ENTRIES PROVIDED: Begin
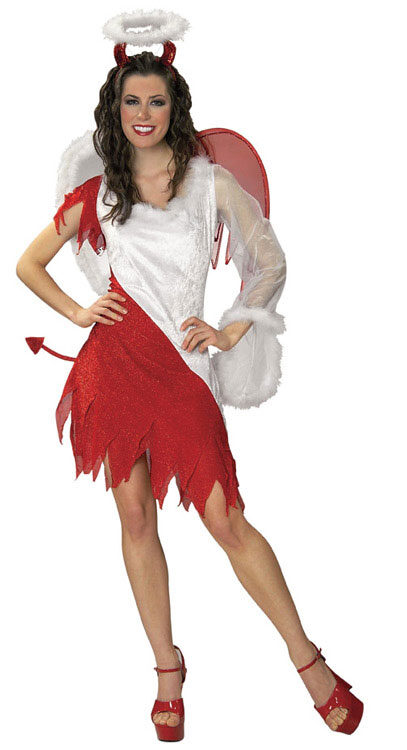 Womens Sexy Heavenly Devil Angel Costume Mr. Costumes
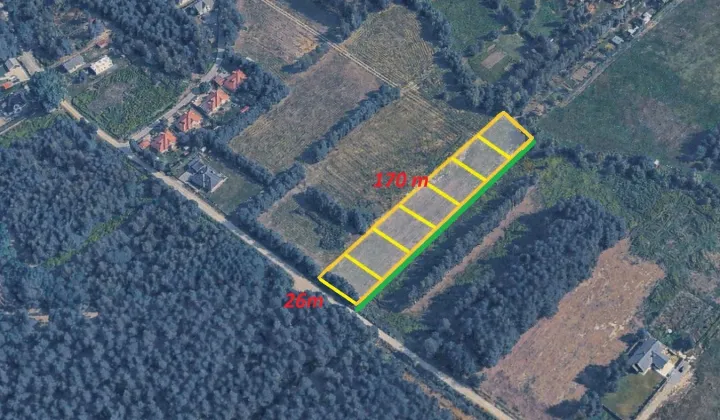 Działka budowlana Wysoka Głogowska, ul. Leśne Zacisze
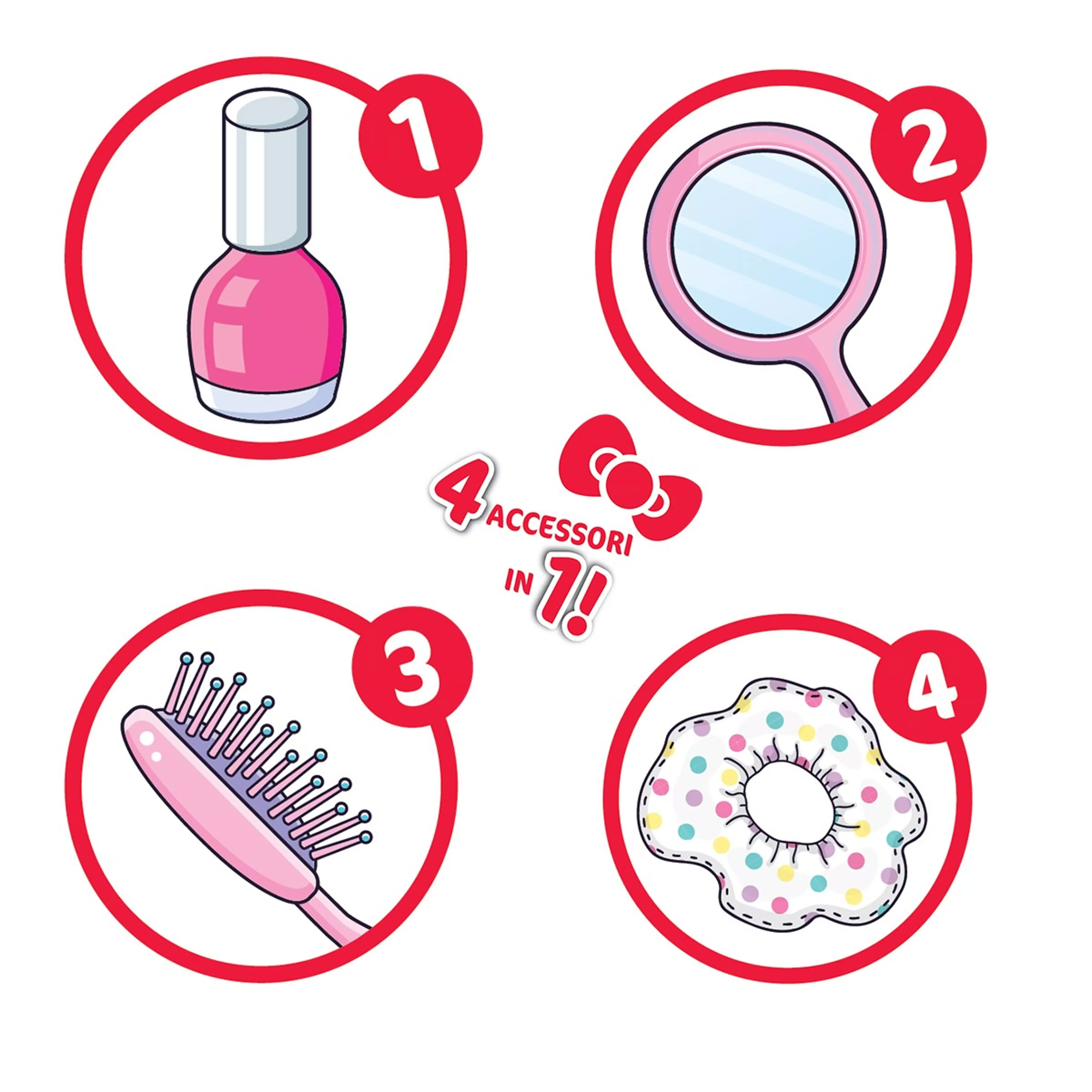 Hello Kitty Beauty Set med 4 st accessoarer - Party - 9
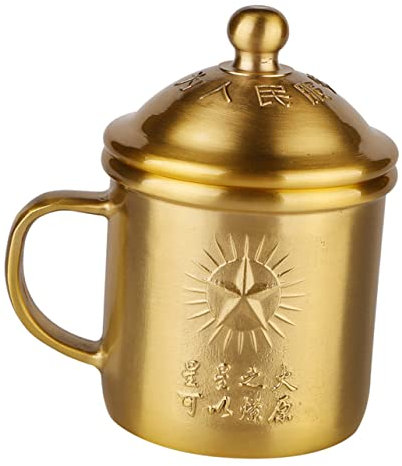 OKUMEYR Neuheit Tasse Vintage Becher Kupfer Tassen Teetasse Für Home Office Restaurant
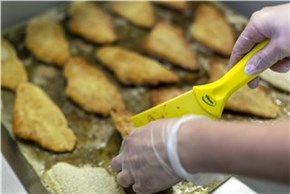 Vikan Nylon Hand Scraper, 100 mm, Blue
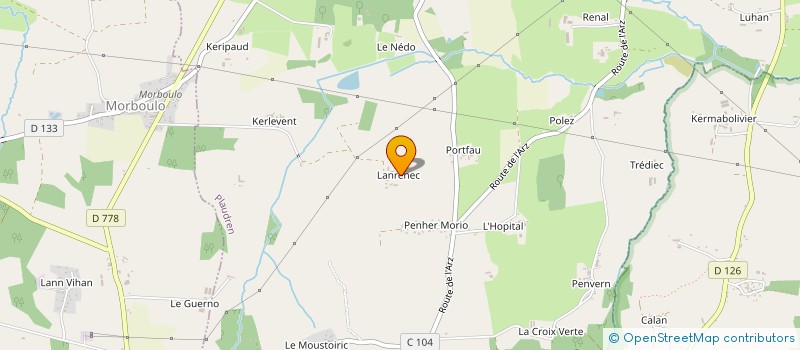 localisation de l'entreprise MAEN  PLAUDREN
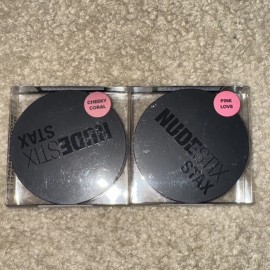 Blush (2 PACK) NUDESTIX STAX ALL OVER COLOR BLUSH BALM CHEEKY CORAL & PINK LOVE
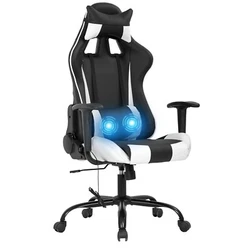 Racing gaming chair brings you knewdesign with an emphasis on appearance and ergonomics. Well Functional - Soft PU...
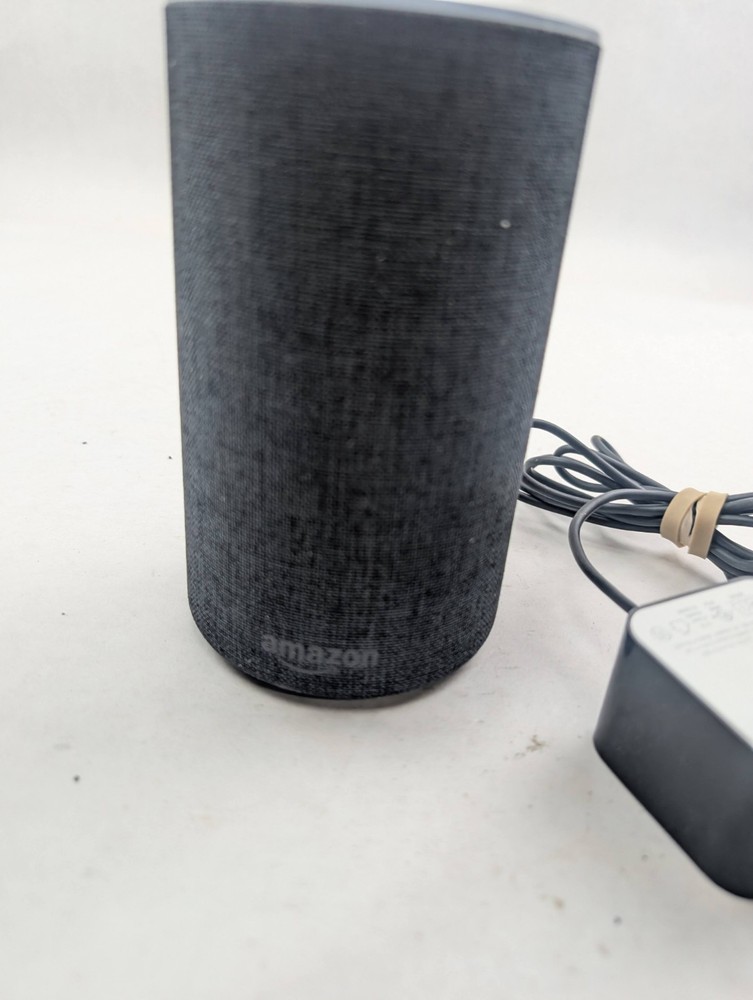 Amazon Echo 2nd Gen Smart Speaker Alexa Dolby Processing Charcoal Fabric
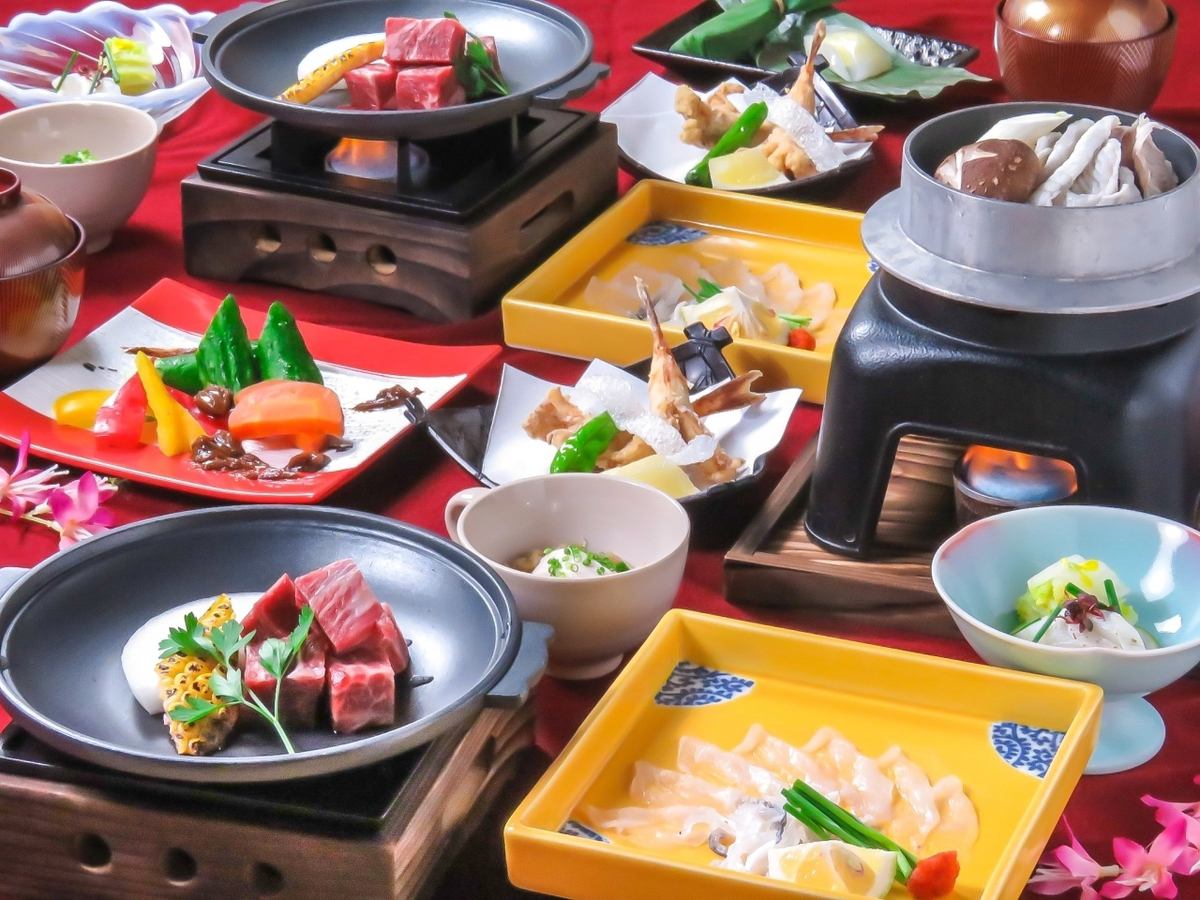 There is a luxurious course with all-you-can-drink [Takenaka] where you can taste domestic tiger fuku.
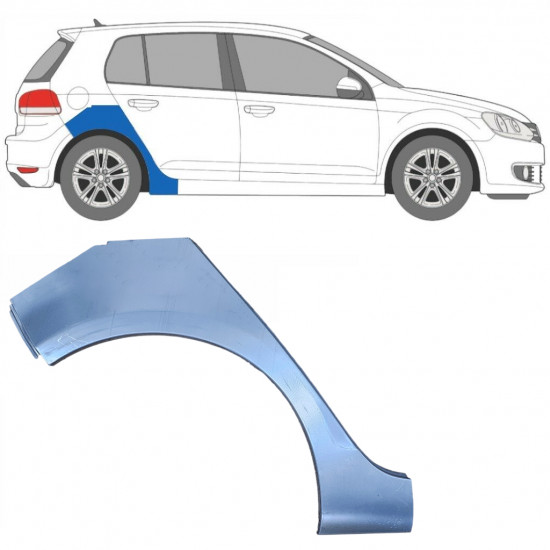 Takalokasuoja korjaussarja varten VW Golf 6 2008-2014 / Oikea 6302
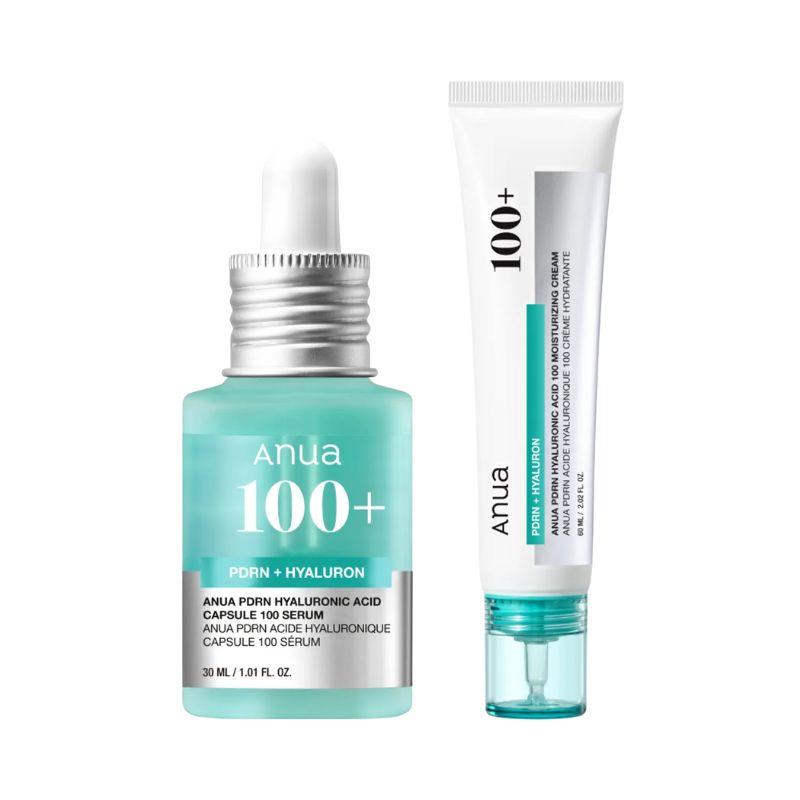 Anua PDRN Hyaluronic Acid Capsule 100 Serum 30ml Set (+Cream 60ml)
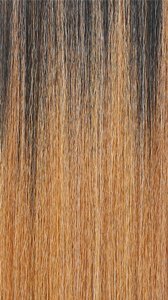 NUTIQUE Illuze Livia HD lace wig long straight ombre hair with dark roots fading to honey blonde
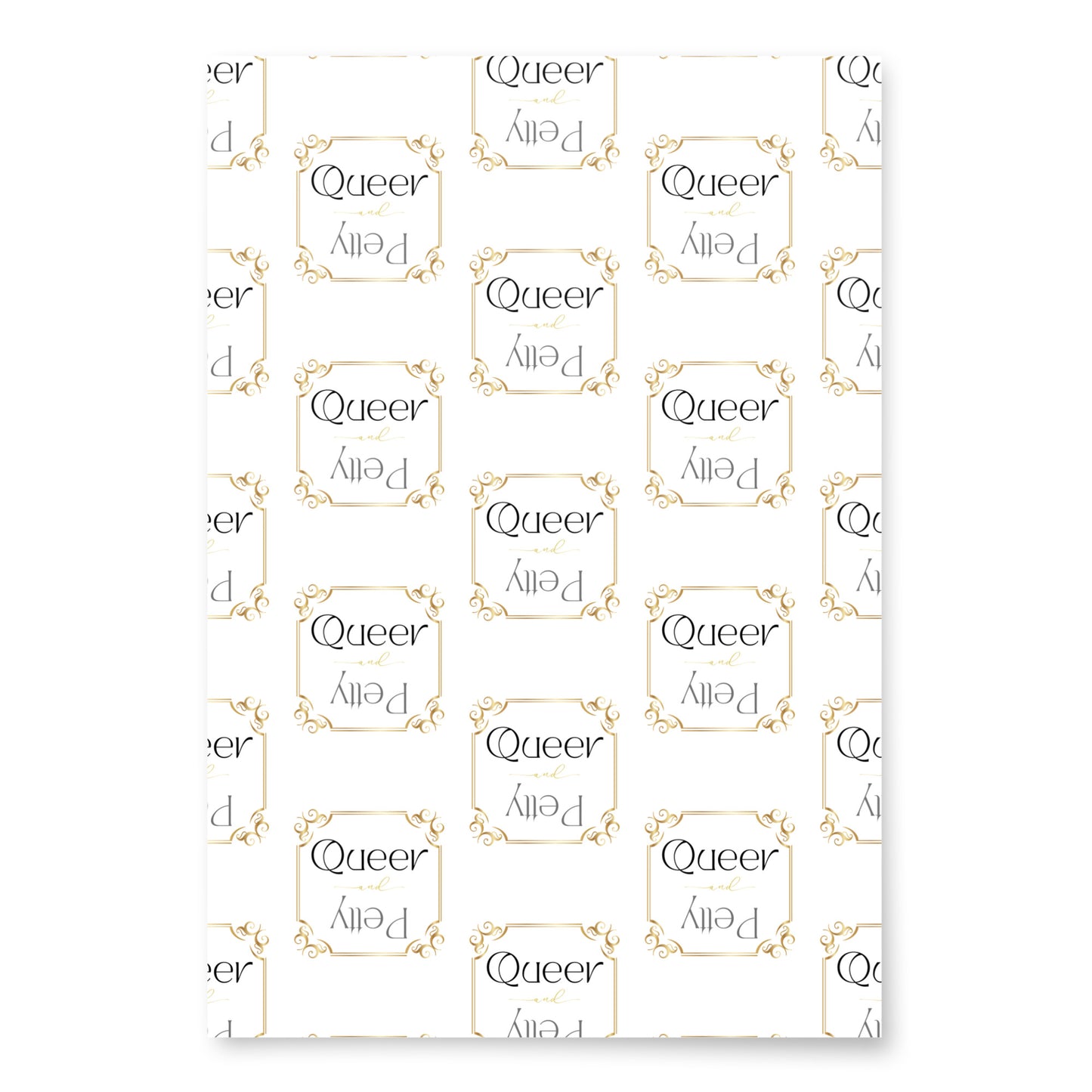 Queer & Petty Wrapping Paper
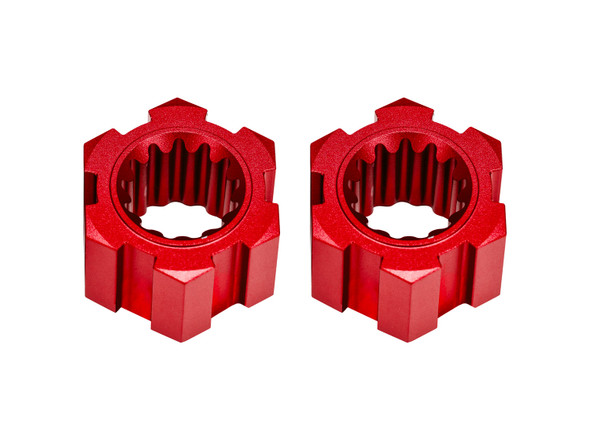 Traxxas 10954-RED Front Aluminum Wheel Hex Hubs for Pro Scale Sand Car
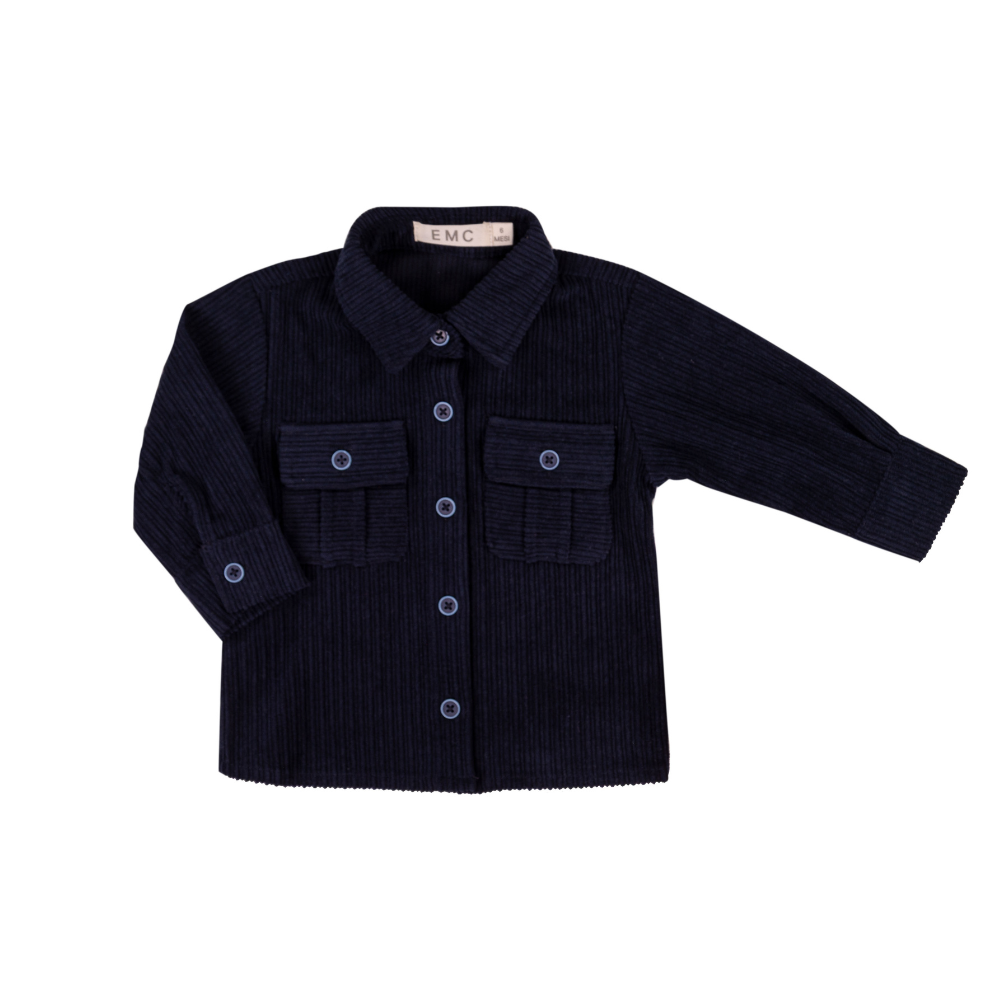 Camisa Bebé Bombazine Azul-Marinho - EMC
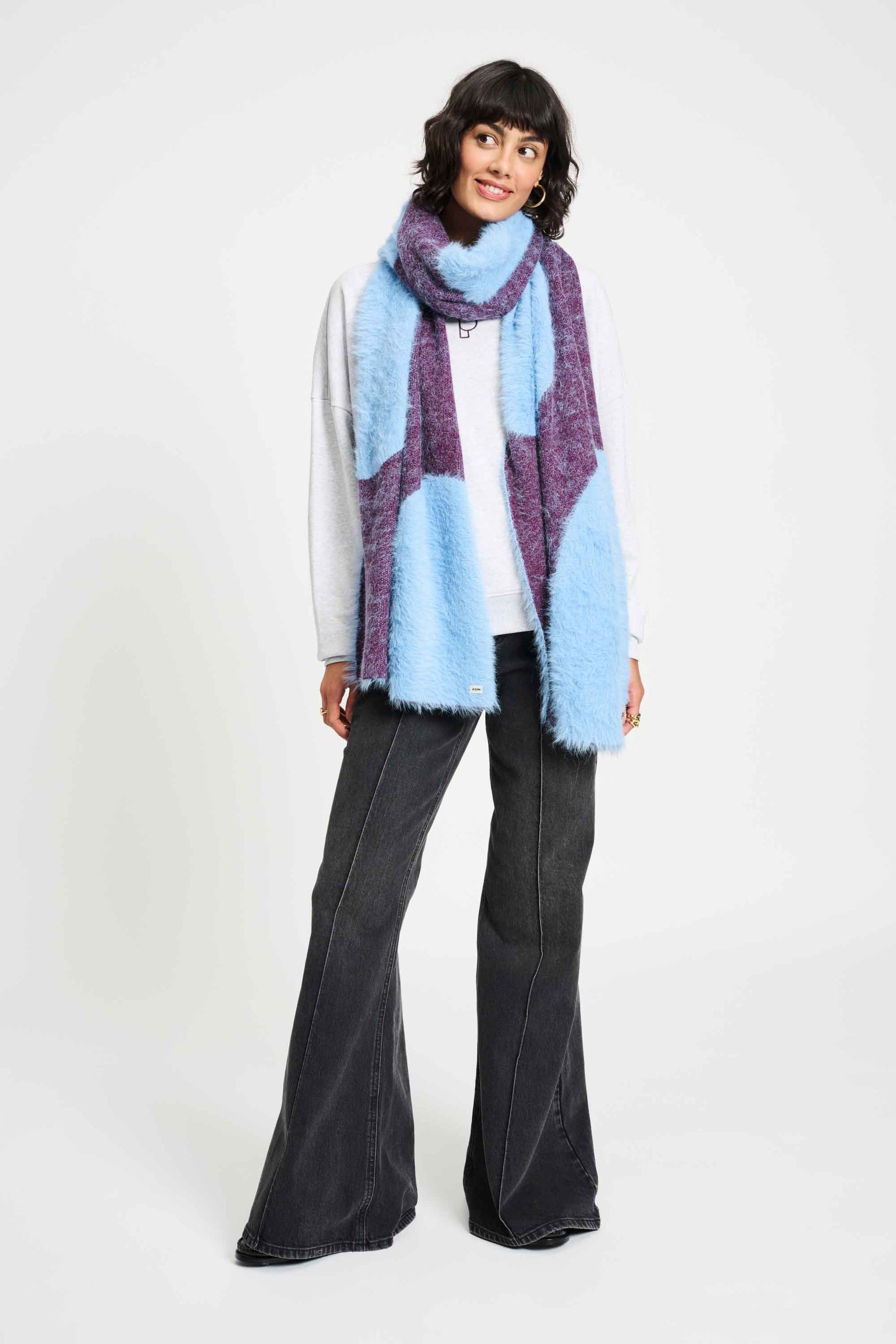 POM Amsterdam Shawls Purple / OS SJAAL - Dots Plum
ENTRIES PROVIDED: End
Return the material from the line containing "Amazon Echo 2nd" through the line containing "NUTIQUE Illuze Livia", exactly and in full, but without its pictures.

**ANSWER FOR THIS EXERCISE:**
 Amazon Echo 2nd Gen Smart Speaker Alexa Dolby Processing Charcoal Fabric
 There is a luxurious course with all-you-can-drink [Takenaka] where you can taste domestic tiger fuku.
 Takalokasuoja korjaussarja varten VW Golf 6 2008-2014 / Oikea 6302
 Anua PDRN Hyaluronic Acid Capsule 100 Serum 30ml Set (+Cream 60ml)
 NUTIQUE Illuze Livia HD lace wig long straight ombre hair with dark roots fading to honey blonde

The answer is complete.